3) General Electric is eliminating as many as 13,000 jobs in its jet engine business, another casualty of the coronavirus devastation to the aviation segment of the economy. With airline manufactures, such as Boeing building fewer airliners, there is less demand for new jet engines. This means a 25% reduction on GE’s aviation work force with little near future likelihood of those jobs returning, indeed if the recession deepens, more jobs may be lost. Like Boeing, GE aviation was having troubles before the virus hit.

4) Stock market closings for – 4 MAY 20:

Dow 23,749.76 up 26.07
Nasdaq 8,710.72 up 105.77
S&P 500 2,842.74 up 12.03

10 Year Yield: down at 0.64%

Oil: up at $21.33

27 March 2020

1) The $2 trillion dollar coronavirus relief bill has been passed and Treasury Secretary Steven Mnuchin said the people should receive cash payments within three weeks. The IRS has been tasked with distributing the monies, but the agency is hobbled by obsolete technologies such as 1960’s era computers, limited staff and a small budget. So there are questions if the agency can get the job done in a timely manner, let alone in three weeks. Experts say its more like a matter of months rather than weeks for Americans to receive their check.

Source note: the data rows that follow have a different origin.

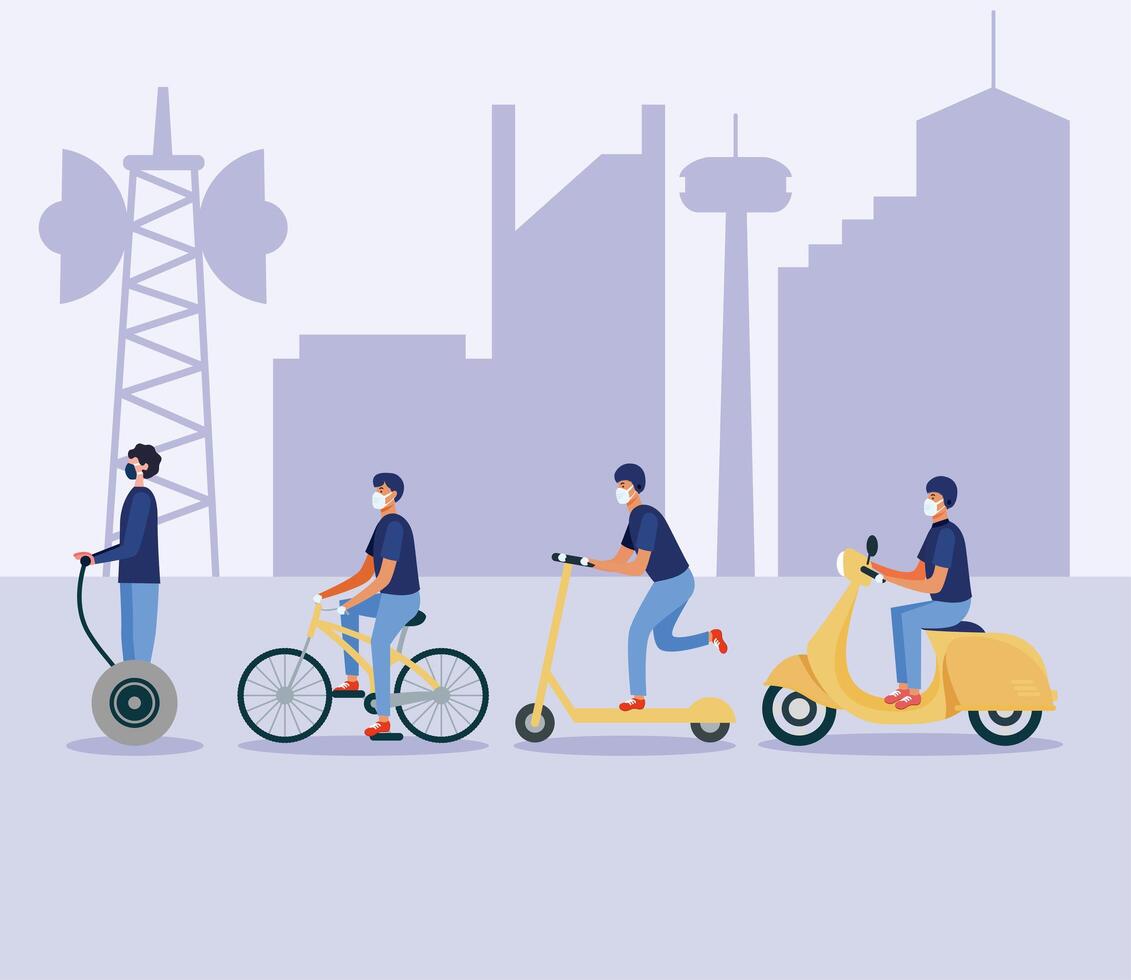 Men with masks on hoverboard scooter bike and motorcycle design vector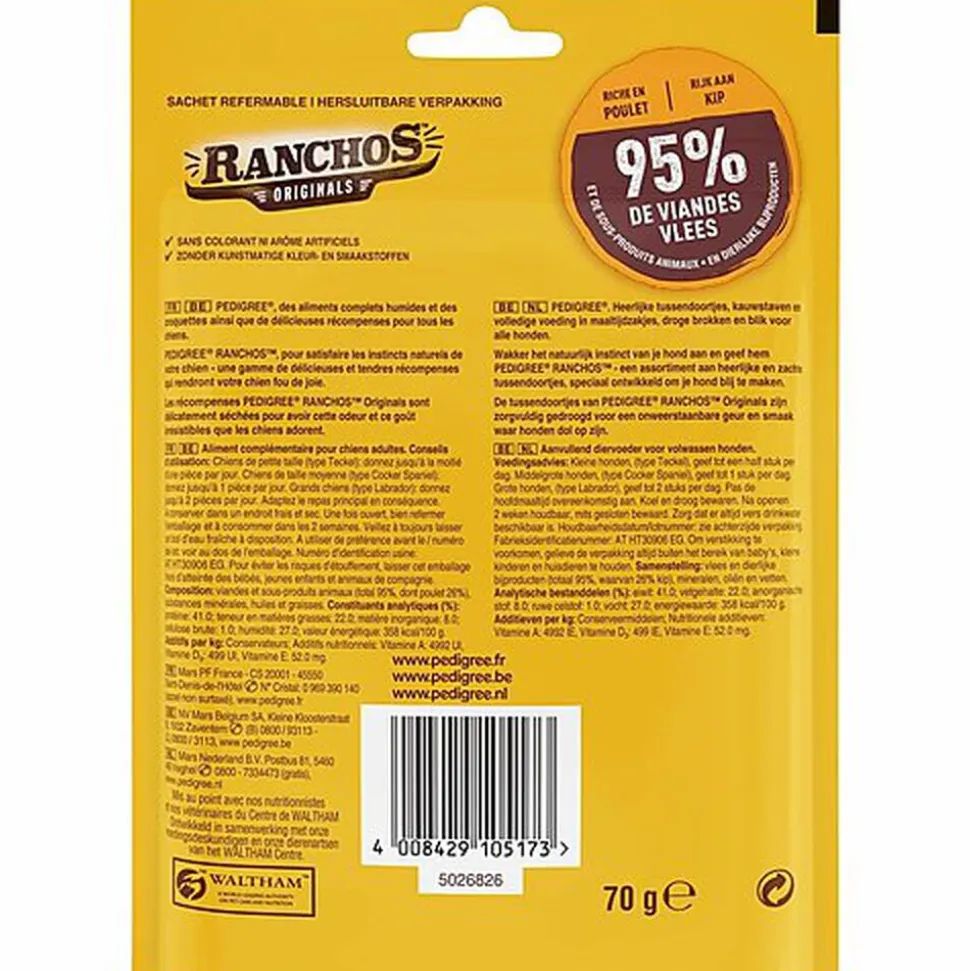 Pedigree - Friandises Ranchos au Poulet pour Chien - 70g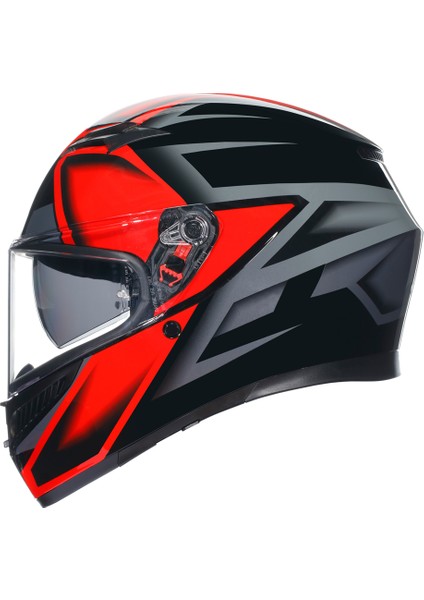 K3 Compound Black Red Kapalı Kask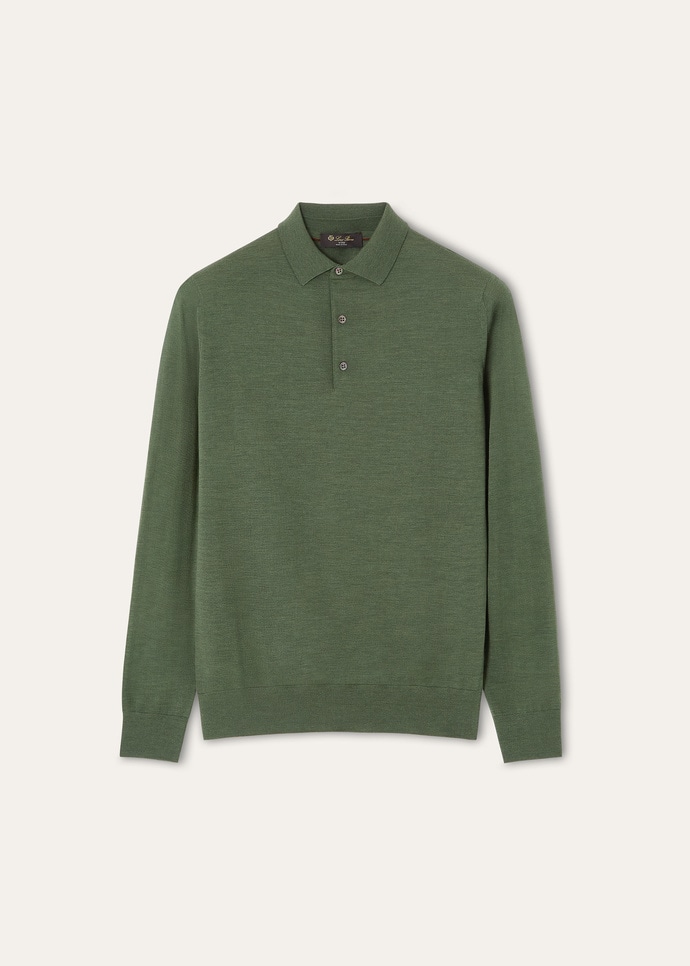 Polo Wish® Wool Green Kelp Melange | Loro Piana US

2) Almost 3.3 million Americans have applied for unemployment benefits this last week, more than quadruple the previous record set in 1982. This is a result of the wide spread economic shutdown from the coronavirus pandemic. This rate of layoffs is expected to accelerate as the U.S. economy sinks into a recession with the collapse of revenues for a wide range of businesses. Economist predict the nation’s unemployment rate could approach 13% by May.

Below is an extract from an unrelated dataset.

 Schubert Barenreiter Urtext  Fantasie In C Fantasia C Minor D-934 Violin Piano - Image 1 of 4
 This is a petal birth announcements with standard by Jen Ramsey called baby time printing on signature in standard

3) Gold has traditionally been a panic investment which people and nations buy to protect the value of their money. The worldwide panic over the coronavirus coupled with a flood of stimulus by central banks has ignited demand for gold to store wealth. But the gold market is running into difficulties in buying. Stored in high security vaults, government mandated shut downs have left access iffy. Also, refiners of gold have been forced to close because of the virus. Transporting gold is done via airlines, but the sharp drop in air service has also made transport of the metal difficult. All these factors have put a squeeze on gold futures.

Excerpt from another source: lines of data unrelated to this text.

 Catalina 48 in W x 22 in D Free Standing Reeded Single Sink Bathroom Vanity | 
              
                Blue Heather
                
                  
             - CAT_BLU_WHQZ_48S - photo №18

4) Stock market closings for – 26 MAR 20:

Dow 22,552.17 up 1351.62
Nasdaq 7,797.54 up 413.24
S&P 500 2,630.07 up 154.51

10 Year Yield: down at 0.81%

Oil: down at $23.18

13 March 2020

1) The popular theme parks Disneyland and Disney World have been closed until April because of the threat of coronavirus. The closure commences on 14 March, but the hotel resort will remaining open until 16 March to allow guess to make travel arrangements for returning home. Walt Disney Co. will continue to pay cast members during the closure. Disney Cruise Line will suspend all new departures beginning Saturday until the end of the month. At this time, it is uncertain how adversely this will financially effect Walt Disney Co.

2) A global recession, driven by the coronavirus pandemic, may result because of the flow of goods, services and people becoming more restricted. In the past day, President Trump has restricted travel from Europe, Italy has closed almost every shop, India suspended most visas and Ireland partially shut down. Many sporting events have been closed to public spectators with major lost of revenues. Many nations fear a contraction, with China the first in decades, thus ending the 11 year expansion. The Federal Reserve’s emergency interest rate cut of March 3 failed to boost investor’s confidence.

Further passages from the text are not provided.